**TRY IT**: After locating the line with "Meu primeiro dia" in the data that follows, return it and every later line exactly, up to and including the line with "Greatest of All".

**MATERIALS PROVIDED**:
---------------

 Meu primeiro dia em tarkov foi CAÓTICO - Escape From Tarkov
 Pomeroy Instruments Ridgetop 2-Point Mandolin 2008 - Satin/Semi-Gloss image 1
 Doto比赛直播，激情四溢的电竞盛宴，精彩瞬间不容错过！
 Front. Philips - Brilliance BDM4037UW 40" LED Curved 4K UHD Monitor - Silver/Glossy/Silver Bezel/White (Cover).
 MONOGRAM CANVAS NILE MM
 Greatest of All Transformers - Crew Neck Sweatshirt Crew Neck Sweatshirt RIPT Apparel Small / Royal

---------------

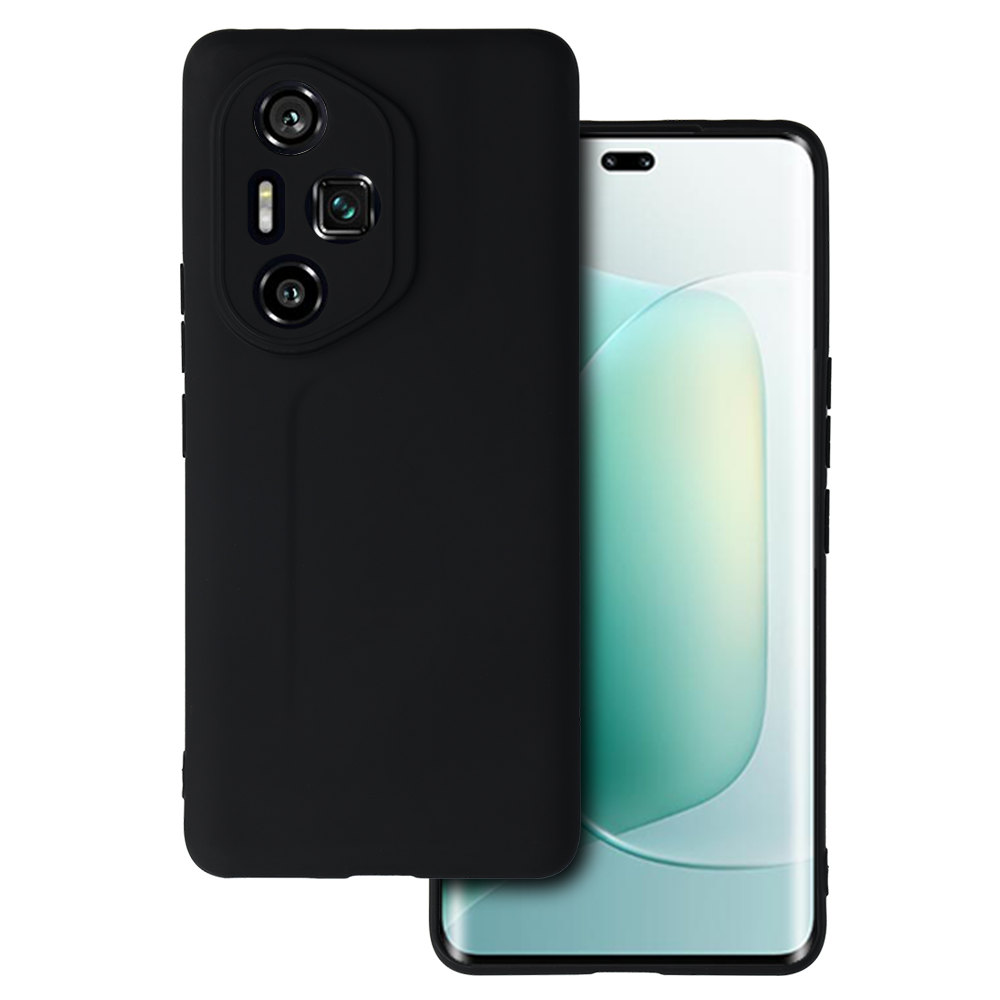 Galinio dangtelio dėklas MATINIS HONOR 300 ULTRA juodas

---------------

**SOLUTION FOR THIS PROBLEM**:
 Meu primeiro dia em tarkov foi CAÓTICO - Escape From Tarkov
 Pomeroy Instruments Ridgetop 2-Point Mandolin 2008 - Satin/Semi-Gloss image 1
 Doto比赛直播，激情四溢的电竞盛宴，精彩瞬间不容错过！
 Front. Philips - Brilliance BDM4037UW 40" LED Curved 4K UHD Monitor - Silver/Glossy/Silver Bezel/White (Cover).
 MONOGRAM CANVAS NILE MM
 Greatest of All Transformers - Crew Neck Sweatshirt Crew Neck Sweatshirt RIPT Apparel Small / Royal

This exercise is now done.